■ **Your goal**
Search the records for the string "background", then copy each line that has it.

### Records for this exercise

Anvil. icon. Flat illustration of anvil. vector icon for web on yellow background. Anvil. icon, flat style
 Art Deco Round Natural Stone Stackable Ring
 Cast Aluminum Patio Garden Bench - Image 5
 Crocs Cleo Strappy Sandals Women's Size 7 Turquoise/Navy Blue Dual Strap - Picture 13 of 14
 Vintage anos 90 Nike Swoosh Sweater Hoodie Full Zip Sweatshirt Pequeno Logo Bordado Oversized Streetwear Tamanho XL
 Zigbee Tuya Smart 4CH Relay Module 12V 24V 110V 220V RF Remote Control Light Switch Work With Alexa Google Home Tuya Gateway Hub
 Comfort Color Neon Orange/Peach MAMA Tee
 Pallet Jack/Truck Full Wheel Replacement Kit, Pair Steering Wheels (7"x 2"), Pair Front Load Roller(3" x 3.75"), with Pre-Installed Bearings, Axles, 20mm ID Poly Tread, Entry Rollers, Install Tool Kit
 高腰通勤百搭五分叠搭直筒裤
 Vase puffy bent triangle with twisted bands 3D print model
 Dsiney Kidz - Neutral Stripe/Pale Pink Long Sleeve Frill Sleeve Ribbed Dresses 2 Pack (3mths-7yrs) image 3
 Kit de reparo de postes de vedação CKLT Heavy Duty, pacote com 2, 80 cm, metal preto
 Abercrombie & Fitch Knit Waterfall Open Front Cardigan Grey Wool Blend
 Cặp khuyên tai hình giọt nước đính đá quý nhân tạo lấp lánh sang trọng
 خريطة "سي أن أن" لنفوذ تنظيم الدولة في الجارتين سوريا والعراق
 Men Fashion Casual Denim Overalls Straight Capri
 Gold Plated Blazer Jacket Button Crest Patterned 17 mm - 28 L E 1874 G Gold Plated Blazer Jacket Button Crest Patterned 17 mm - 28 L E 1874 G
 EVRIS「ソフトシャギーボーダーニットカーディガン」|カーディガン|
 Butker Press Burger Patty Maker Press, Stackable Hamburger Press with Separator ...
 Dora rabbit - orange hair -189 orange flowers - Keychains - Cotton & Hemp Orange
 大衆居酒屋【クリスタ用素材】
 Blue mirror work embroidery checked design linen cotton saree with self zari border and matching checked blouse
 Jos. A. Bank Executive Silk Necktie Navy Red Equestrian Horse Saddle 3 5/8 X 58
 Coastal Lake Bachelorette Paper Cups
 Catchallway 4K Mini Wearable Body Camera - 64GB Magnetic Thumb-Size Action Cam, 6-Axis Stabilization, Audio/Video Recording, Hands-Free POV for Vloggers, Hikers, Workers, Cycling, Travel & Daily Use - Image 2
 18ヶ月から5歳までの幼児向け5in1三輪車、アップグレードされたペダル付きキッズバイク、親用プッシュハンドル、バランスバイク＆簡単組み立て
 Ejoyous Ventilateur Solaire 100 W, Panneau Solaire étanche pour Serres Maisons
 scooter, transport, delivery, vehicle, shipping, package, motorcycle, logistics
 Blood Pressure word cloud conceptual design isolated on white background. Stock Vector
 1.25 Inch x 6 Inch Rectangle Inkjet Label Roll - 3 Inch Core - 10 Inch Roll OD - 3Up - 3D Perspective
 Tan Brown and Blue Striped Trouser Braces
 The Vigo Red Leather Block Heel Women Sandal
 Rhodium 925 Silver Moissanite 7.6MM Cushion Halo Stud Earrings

######

■ **Answer to this problem**
Anvil. icon. Flat illustration of anvil. vector icon for web on yellow background. Anvil. icon, flat style
 Blood Pressure word cloud conceptual design isolated on white background. Stock Vector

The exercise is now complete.